My environment: 8GB Ram Notebook with Ubuntu 14.04, Solr 4.3.1, carrot2workbench 3.10.0
My Solr Index: 15980 documents
My Problem: Cluster all documents with the kmeans algorithm
When I drop off the query in the carrot2workbench (query: :), I always get a Java heap size error when using more than ~1000 Results. I started Solr with -Xms256m -Xmx6g but it still occurs.
Is it really a heap size problem or could it be somewhere else?
Best How To :
Your suspicion is correct, it is a heap size problem, or more precisely, a scalability constraint. Straight from the carrot2 FAQs: http://project.carrot2.org/faq.html#scalability
How does Carrot2 clustering scale with respect to the number and length of documents? The most important characteristic of Carrot2 algorithms to keep in mind is that they perform in-memory clustering. For this reason, as a rule of thumb, Carrot2 should successfully deal with up to a thousand of documents, a few paragraphs each. For algorithms designed to process millions of documents, you may want to check out the Mahout project.
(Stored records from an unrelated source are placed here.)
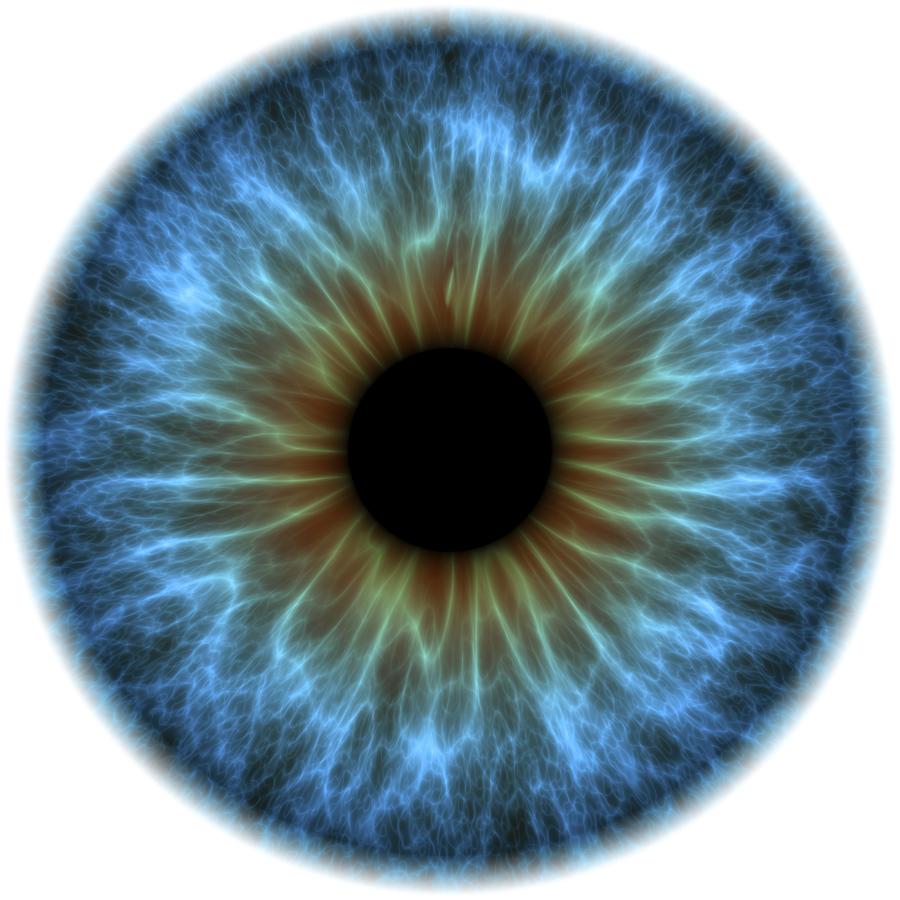 Eye, iris Drawing by Science Photo Library - PASIEKA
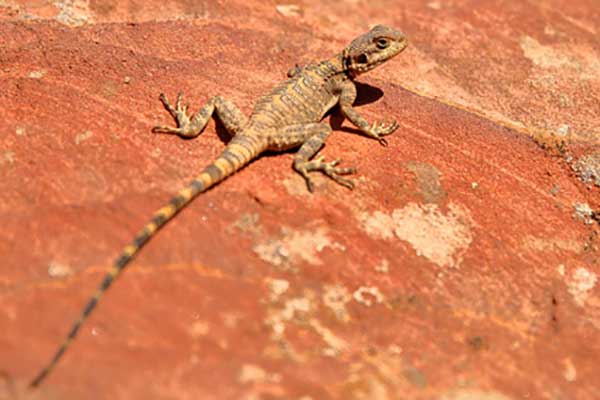 Agama pustynna (Trapelus mutabilis)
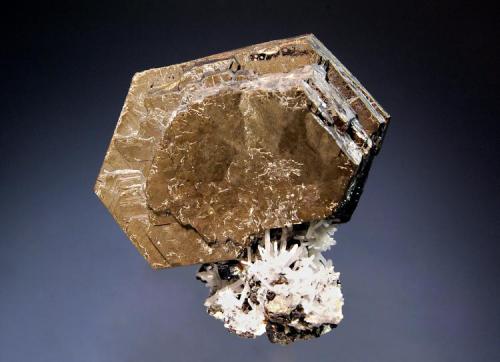 Pyrrhotite
Nikolaevskiy Mine, Da’negorsk, Primorskiy Kray, Russia
4.5 x 5.0 cm.
Thick hexagonal prisms to 5 cm on a small matrix composed of fine needle-like quartz crystals. (Author: crosstimber)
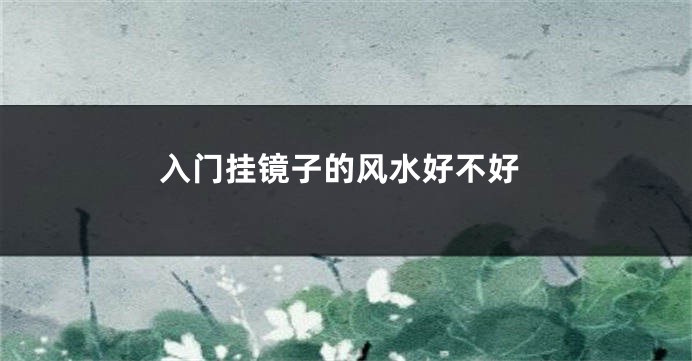 入门挂镜子的风水好不好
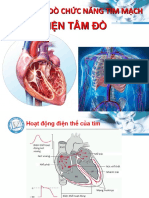 Điện Tâm Đồ: Thăm Dò Chức Năng Tim Mạch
A developer also posted about this here: http://stackoverflow.com/a/28991477
While the developers recommend Mahout, and this is probably the way to go since you would not be bound by the in-memory clustering constraints as in carrot2, there might be other possibilities, though:
If you really like carrot2 but do not necessarily need k-means, you could take a look at the commercial Lingo3G, based on the "Time of clustering 100000 snippets [s] " field and the (***) remark on http://carrotsearch.com/lingo3g-comparison it should be able to tackle more documents. Check also their FAQ entry on "What is the maximum number of documents Lingo3G can cluster?" on http://carrotsearch.com/lingo3g-faq
Try to minimize the size of your labels on which k-means is performing the clustering. Instead of clustering over all the documents content, try to cluster on the abstract/summary or extract important keywords and cluster on them.